Summary: SEBI’s recent informal guidance on the appointment of an independent director related to a promoter group member has reignited the debate on the meaning of “independence” in corporate governance. While the guidance adopts a strict interpretation of the statutory definition of “relative” under the Companies Act, 2013, it raises broader questions about whether formal legal criteria adequately capture concerns of influence and objectivity. This article examines the guidance note in the context of the legislative framework governing independent directors and compares it with the views expressed by key committees on corporate governance. It argues that the effectiveness of independent directors depends not only on compliance with prescribed objective eligibility requirements but also on preserving the substantive spirit of independence that underpins the institution.
The significance of Independent Directors (“IDs”) and the scrutiny surrounding their appointment, roles and responsibilities under the Companies Act, 2013 (“Act”), emerged in response to fraud and financial irregularities reported in the Satyam Scam in 2009.[1] The incident raised concerns regarding the adequacy of existing corporate governance frameworks and their effectiveness in fulfilling responsibilities. Consequently, this inter alia led to the introduction of specific eligibility criteria for Independent Directors under Section 149(6) of the Act, defined appointment procedures under Sections 149 and 150, and a comprehensive code of conduct under Schedule IV of the Act.

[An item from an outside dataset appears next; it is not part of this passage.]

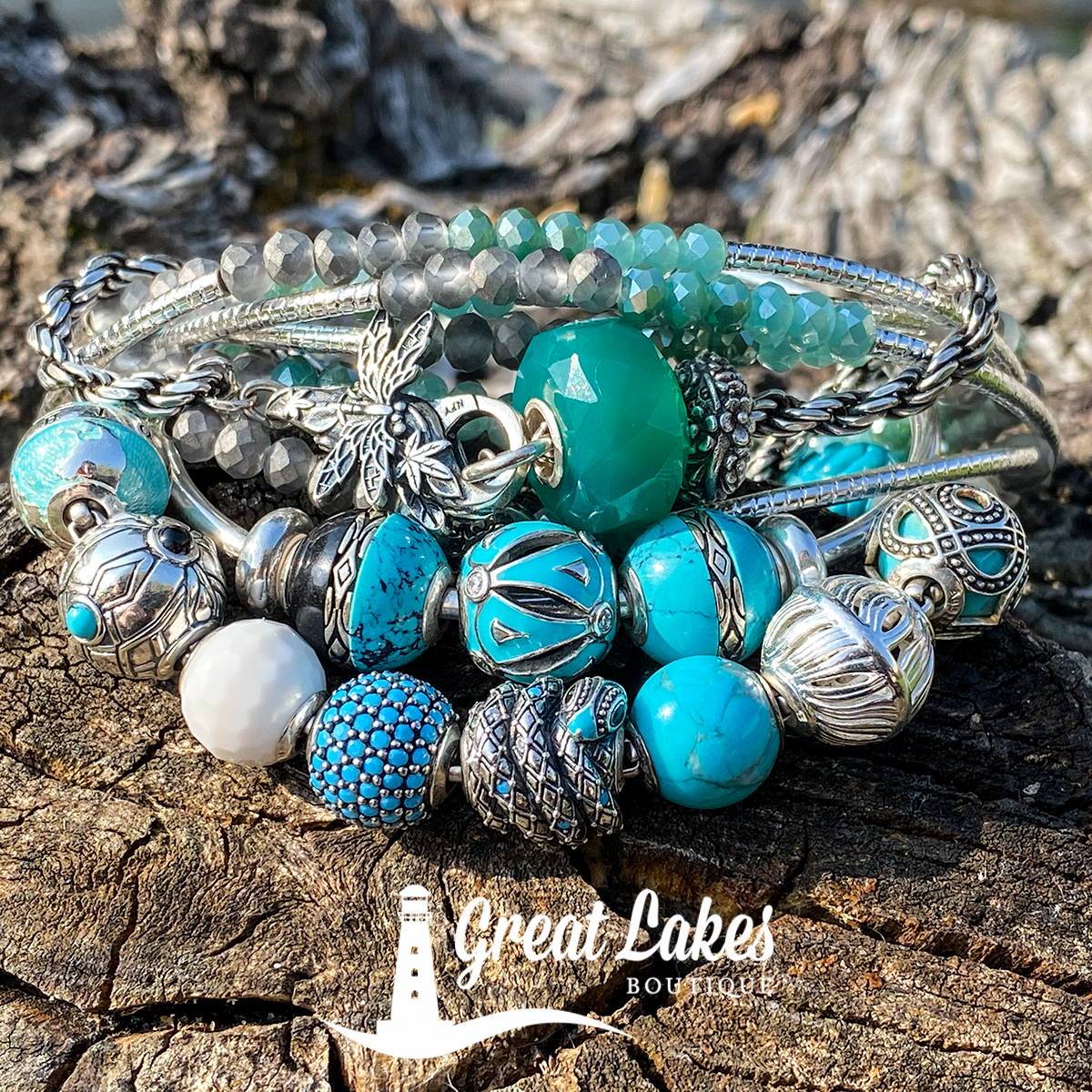 Thomas Sabo Karma Beads Teals & Aquas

The eligibility criteria under both the Act and the Securities and Exchange Board of India (Listing Obligations and Disclosure Requirements) Regulations, 2015 (“SEBI LODR”), seek to secure the “independence” of IDs by targeting pecuniary and personal relationships that could influence the performance of their duties. One such criterion, which has come into focus — due to the Informal Guidance Note dated March 2, 2026 (“Note”),[2] issued by the Securities and Exchange Board of India (“SEBI”) — is under Regulation 16(1)(b)(iii) of the SEBI LODR, which corresponds to Section 149(6)(b)(ii) of the Act.[3]
Informal Guidance Note
The Note was issued in response to an informal guidance request filed by a listed company operating in the steel and metal sector (“Company”) on December 26, 2025. The inquiry pertained to the eligibility of appointing the cousin of a member of the Company’s promoter group, who also served as a director of two subsidiary companies, as an ID of the Company.[4] The cousin in question was the daughter of such promoter group member’s father’s sister.[5]

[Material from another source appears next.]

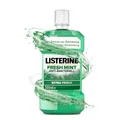 Produktbild: Listerine Fresh Mint antibakterielle Mundspülung für frischen Atem, mit ätherischen Ölen, bekämpft Mundgeruch verursachende Bakterien, mit frischem Minzgeschmack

The Company contended that since Section 2(1)(zd) of the SEBI LODR, read with Section 2(77) of the Act and Rule 4 of the Companies (Specification of Definitions and Details) Rules, 2014 (“Rules”), do not categorise such a relation as “relative”, her appointment was not barred.[6]
Section 2(77) of the Act defines ‘relative’, with reference to a person, as anyone who is related to another, if they are members of a Hindu Undivided Family, or are husband and wife, or are related in the manner prescribed under Rule 4 of the Rules, which enumerates specific relationships, i.e., father, mother, son, son’s wife, daughter, daughter’s husband, brother, sister, step brother and step sister.

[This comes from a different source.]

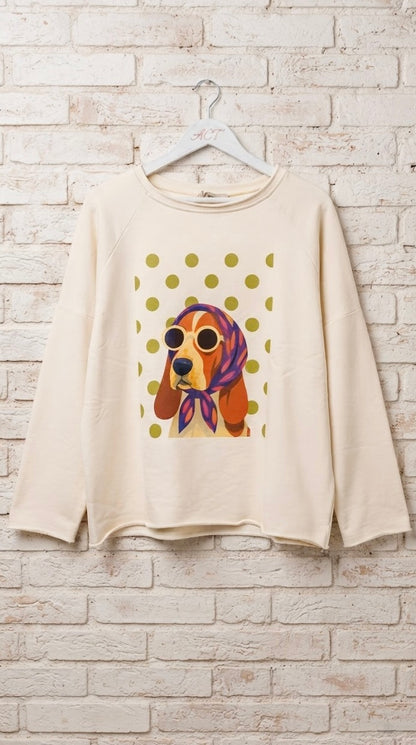 Sudadera Dog Topos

It was further argued that the explanation of the expression “related to any promoter” in Regulation 17(1)(b) of the SEBI LODR is restricted to that specific regulation and does not apply to Regulation 16(1)(b)(iii).[7]
SEBI accepted the Company’s arguments, and held that a cousin does not fall within the definition of “relative” under the Act and the SEBI LODR.[8] Accordingly, it was held that the cousin maybe appointed as an ID of the Company, subject to her satisfying all other qualification and eligibility criteria under the SEBI LODR, the Act and the Rules made thereunder, including restrictions on holding securities or interest in the listed entity under Regulation 16(1)(b)(iv) of the SEBI LODR.[9]
Committee Reports
Against this backdrop, it is useful to evaluate the Note against the touchstone of how various committees have understood the idea of ‘independence’ in the functioning of IDs.
The Kotak Committee, in its Report of the Committee on Corporate Governance (“Kotak Committee”) of 2017, found that the appointment of persons who were relatives of the promoters as IDs undermined the “spirit of independence” and called for appropriate widening of the net of exclusions to counter the same.[10] This view aligns with the findings presented in the 2016 Report of The Companies Law Committee (“CLC”).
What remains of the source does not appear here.